Collins and Leslie, the state senator, both said Giunchigliani is known for using intelligence and research to delve into difficult issues. In the Legislature, complicated bills were often assumed to be sponsored by her, Leslie said.
She was one of the most liberal members of the Legislature while there, voting for an $830 million tax increase in 2003 and authoring the legislation leading to the state's medical marijuana law.
Even direct opponents will say nice things about her.
Bob Beers, a former Republican state senator who served with Giunchigliani in the Legislature, is on the mayoral campaign of restaurateur George Harris.
"I have always appreciated that while Chris and I have differing world views, we are always able to discuss those differences in a respectful and intelligent manner," he said.

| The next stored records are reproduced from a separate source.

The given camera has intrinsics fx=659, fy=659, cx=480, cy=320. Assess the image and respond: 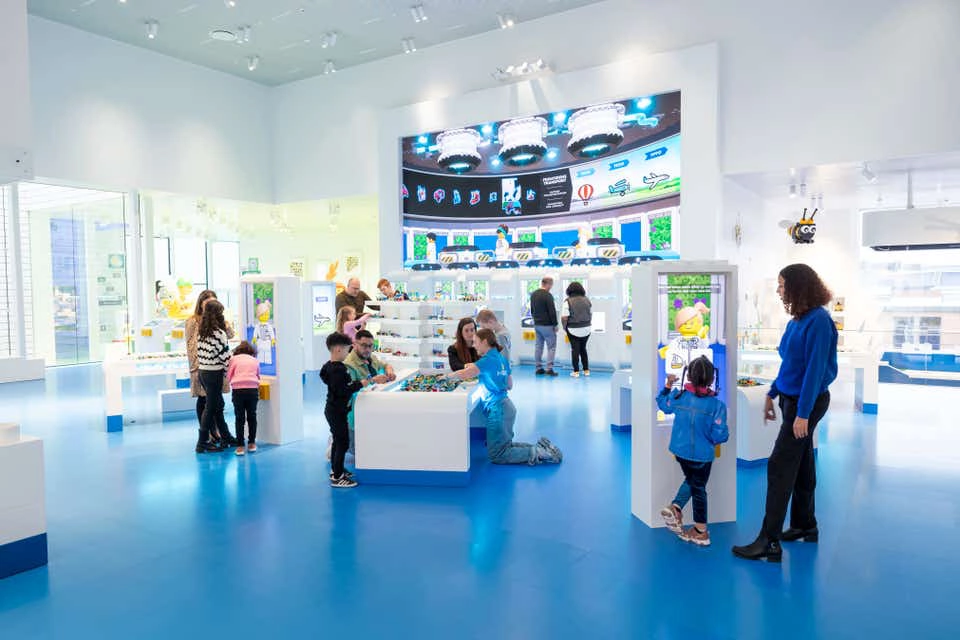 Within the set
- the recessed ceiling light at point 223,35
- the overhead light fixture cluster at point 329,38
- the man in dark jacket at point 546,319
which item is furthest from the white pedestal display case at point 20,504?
the recessed ceiling light at point 223,35

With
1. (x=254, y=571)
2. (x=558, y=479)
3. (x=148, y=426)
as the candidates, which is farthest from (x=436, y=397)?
(x=148, y=426)

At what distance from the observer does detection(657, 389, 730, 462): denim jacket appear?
3945 mm

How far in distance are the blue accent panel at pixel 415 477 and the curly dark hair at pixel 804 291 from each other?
8.98 ft

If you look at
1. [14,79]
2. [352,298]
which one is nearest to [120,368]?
[352,298]

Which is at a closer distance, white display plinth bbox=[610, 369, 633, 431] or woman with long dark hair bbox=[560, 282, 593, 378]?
white display plinth bbox=[610, 369, 633, 431]

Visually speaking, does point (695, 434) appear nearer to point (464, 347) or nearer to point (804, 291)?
point (804, 291)

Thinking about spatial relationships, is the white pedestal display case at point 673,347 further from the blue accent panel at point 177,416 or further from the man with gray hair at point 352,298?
the man with gray hair at point 352,298

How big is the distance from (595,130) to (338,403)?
840 cm

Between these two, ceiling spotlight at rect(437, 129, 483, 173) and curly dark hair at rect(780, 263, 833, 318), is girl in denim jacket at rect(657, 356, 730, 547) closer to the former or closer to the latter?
curly dark hair at rect(780, 263, 833, 318)

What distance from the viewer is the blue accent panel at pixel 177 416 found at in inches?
323

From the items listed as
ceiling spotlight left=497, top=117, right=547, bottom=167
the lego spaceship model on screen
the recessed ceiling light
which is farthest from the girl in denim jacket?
the recessed ceiling light

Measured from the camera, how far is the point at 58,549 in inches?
162

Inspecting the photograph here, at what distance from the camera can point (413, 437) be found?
5.28m

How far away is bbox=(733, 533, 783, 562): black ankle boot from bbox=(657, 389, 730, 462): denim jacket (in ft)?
1.73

He also said that with several strong candidates in the race, the voting public is going to be conflicted: "It's a tough one, which is why the front-runner only has one-third (support)."
With the job and redevelopment talk that has dominated forums, Giunchigliani talks about neighborhood cohesion and a sense of community, something that Las Vegas is often said to lack.
"What I'm hearing -- but it's mostly elderly -- is, 'We don't know our neighbors anymore,' " she said. "Part of my message is we have to build the community a neighborhood at a time. That's not really coming up as much in the general debate ... but I think there's that underlying sense.
"Where do we go next? We're struggling, we've been hit so hard with everything. But I view this as an opportunity."